--- START ---
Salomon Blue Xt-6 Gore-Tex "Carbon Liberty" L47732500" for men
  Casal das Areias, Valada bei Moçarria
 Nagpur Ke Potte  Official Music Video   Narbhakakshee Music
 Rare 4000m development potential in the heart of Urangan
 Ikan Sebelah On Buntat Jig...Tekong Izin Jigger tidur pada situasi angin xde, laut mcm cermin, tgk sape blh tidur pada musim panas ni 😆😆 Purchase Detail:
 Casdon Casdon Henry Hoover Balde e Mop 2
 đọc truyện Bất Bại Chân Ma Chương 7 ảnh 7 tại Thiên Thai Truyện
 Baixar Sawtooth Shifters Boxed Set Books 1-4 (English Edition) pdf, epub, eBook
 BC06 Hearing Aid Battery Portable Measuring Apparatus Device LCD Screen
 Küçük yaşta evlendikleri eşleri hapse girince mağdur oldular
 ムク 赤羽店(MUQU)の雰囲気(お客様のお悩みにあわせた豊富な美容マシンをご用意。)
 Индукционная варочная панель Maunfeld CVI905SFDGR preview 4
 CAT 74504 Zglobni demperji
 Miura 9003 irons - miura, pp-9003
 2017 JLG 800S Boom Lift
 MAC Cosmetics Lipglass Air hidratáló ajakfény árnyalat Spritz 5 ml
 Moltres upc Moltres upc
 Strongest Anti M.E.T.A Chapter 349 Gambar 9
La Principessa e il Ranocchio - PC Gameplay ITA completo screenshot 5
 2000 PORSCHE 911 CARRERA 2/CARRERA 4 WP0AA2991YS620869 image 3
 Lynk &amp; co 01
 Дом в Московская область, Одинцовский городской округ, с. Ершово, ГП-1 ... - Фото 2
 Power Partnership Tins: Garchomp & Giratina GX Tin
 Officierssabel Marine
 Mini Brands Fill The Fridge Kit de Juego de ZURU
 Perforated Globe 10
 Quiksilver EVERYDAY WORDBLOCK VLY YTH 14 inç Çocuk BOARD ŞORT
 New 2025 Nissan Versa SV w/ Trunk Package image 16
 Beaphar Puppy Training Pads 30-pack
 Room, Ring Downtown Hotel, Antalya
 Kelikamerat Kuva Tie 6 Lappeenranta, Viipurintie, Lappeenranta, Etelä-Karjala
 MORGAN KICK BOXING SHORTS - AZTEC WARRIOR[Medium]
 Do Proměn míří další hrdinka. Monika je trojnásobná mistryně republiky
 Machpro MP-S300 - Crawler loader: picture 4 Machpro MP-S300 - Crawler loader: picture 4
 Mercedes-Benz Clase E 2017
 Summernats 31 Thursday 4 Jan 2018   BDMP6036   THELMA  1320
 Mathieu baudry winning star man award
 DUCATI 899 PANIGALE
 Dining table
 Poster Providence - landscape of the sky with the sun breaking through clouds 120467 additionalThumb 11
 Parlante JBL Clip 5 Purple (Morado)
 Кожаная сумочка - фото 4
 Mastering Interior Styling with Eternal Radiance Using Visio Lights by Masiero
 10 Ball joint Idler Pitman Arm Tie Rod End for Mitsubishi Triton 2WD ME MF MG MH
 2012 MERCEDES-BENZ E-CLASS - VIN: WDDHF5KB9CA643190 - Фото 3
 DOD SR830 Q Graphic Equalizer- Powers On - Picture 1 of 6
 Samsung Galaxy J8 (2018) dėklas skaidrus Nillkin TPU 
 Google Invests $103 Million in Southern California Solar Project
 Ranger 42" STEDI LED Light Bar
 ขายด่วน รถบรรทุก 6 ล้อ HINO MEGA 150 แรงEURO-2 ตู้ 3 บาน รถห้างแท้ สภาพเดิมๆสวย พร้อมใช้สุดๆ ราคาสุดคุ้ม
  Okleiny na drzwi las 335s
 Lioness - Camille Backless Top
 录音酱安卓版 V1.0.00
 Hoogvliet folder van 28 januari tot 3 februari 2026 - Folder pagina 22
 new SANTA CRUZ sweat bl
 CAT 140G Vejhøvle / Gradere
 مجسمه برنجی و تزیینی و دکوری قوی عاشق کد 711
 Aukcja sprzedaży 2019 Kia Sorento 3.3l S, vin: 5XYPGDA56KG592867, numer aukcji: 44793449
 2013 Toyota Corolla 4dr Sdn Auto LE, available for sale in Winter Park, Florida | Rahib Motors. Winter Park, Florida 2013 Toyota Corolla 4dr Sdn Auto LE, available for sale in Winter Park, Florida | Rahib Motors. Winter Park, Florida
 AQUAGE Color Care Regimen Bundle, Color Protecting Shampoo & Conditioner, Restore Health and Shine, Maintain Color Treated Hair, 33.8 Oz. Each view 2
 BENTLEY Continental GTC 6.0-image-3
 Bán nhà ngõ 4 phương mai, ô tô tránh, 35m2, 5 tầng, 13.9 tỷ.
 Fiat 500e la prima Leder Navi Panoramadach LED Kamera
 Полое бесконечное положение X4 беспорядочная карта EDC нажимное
--- END ---
• **About this exercise**: Copy out the records once more, exactly as they are written.

• **Output for this exercise**:
Salomon Blue Xt-6 Gore-Tex "Carbon Liberty" L47732500" for men
  Casal das Areias, Valada bei Moçarria
 Nagpur Ke Potte  Official Music Video   Narbhakakshee Music
 Rare 4000m development potential in the heart of Urangan
 Ikan Sebelah On Buntat Jig...Tekong Izin Jigger tidur pada situasi angin xde, laut mcm cermin, tgk sape blh tidur pada musim panas ni 😆😆 Purchase Detail:
 Casdon Casdon Henry Hoover Balde e Mop 2
 đọc truyện Bất Bại Chân Ma Chương 7 ảnh 7 tại Thiên Thai Truyện
 Baixar Sawtooth Shifters Boxed Set Books 1-4 (English Edition) pdf, epub, eBook
 BC06 Hearing Aid Battery Portable Measuring Apparatus Device LCD Screen
 Küçük yaşta evlendikleri eşleri hapse girince mağdur oldular
 ムク 赤羽店(MUQU)の雰囲気(お客様のお悩みにあわせた豊富な美容マシンをご用意。)
 Индукционная варочная панель Maunfeld CVI905SFDGR preview 4
 CAT 74504 Zglobni demperji
 Miura 9003 irons - miura, pp-9003
 2017 JLG 800S Boom Lift
 MAC Cosmetics Lipglass Air hidratáló ajakfény árnyalat Spritz 5 ml
 Moltres upc Moltres upc
 Strongest Anti M.E.T.A Chapter 349 Gambar 9
La Principessa e il Ranocchio - PC Gameplay ITA completo screenshot 5
 2000 PORSCHE 911 CARRERA 2/CARRERA 4 WP0AA2991YS620869 image 3
 Lynk &amp; co 01
 Дом в Московская область, Одинцовский городской округ, с. Ершово, ГП-1 ... - Фото 2
 Power Partnership Tins: Garchomp & Giratina GX Tin
 Officierssabel Marine
 Mini Brands Fill The Fridge Kit de Juego de ZURU
 Perforated Globe 10
 Quiksilver EVERYDAY WORDBLOCK VLY YTH 14 inç Çocuk BOARD ŞORT
 New 2025 Nissan Versa SV w/ Trunk Package image 16
 Beaphar Puppy Training Pads 30-pack
 Room, Ring Downtown Hotel, Antalya
 Kelikamerat Kuva Tie 6 Lappeenranta, Viipurintie, Lappeenranta, Etelä-Karjala
 MORGAN KICK BOXING SHORTS - AZTEC WARRIOR[Medium]
 Do Proměn míří další hrdinka. Monika je trojnásobná mistryně republiky
 Machpro MP-S300 - Crawler loader: picture 4 Machpro MP-S300 - Crawler loader: picture 4
 Mercedes-Benz Clase E 2017
 Summernats 31 Thursday 4 Jan 2018   BDMP6036   THELMA  1320
 Mathieu baudry winning star man award
 DUCATI 899 PANIGALE
 Dining table
 Poster Providence - landscape of the sky with the sun breaking through clouds 120467 additionalThumb 11
 Parlante JBL Clip 5 Purple (Morado)
 Кожаная сумочка - фото 4
 Mastering Interior Styling with Eternal Radiance Using Visio Lights by Masiero
 10 Ball joint Idler Pitman Arm Tie Rod End for Mitsubishi Triton 2WD ME MF MG MH
 2012 MERCEDES-BENZ E-CLASS - VIN: WDDHF5KB9CA643190 - Фото 3
 DOD SR830 Q Graphic Equalizer- Powers On - Picture 1 of 6
 Samsung Galaxy J8 (2018) dėklas skaidrus Nillkin TPU 
 Google Invests $103 Million in Southern California Solar Project
 Ranger 42" STEDI LED Light Bar
 ขายด่วน รถบรรทุก 6 ล้อ HINO MEGA 150 แรงEURO-2 ตู้ 3 บาน รถห้างแท้ สภาพเดิมๆสวย พร้อมใช้สุดๆ ราคาสุดคุ้ม
  Okleiny na drzwi las 335s
 Lioness - Camille Backless Top
 录音酱安卓版 V1.0.00
 Hoogvliet folder van 28 januari tot 3 februari 2026 - Folder pagina 22
 new SANTA CRUZ sweat bl
 CAT 140G Vejhøvle / Gradere
 مجسمه برنجی و تزیینی و دکوری قوی عاشق کد 711
 Aukcja sprzedaży 2019 Kia Sorento 3.3l S, vin: 5XYPGDA56KG592867, numer aukcji: 44793449
 2013 Toyota Corolla 4dr Sdn Auto LE, available for sale in Winter Park, Florida | Rahib Motors. Winter Park, Florida 2013 Toyota Corolla 4dr Sdn Auto LE, available for sale in Winter Park, Florida | Rahib Motors. Winter Park, Florida
 AQUAGE Color Care Regimen Bundle, Color Protecting Shampoo & Conditioner, Restore Health and Shine, Maintain Color Treated Hair, 33.8 Oz. Each view 2
 BENTLEY Continental GTC 6.0-image-3
 Bán nhà ngõ 4 phương mai, ô tô tránh, 35m2, 5 tầng, 13.9 tỷ.
 Fiat 500e la prima Leder Navi Panoramadach LED Kamera
 Полое бесконечное положение X4 беспорядочная карта EDC нажимное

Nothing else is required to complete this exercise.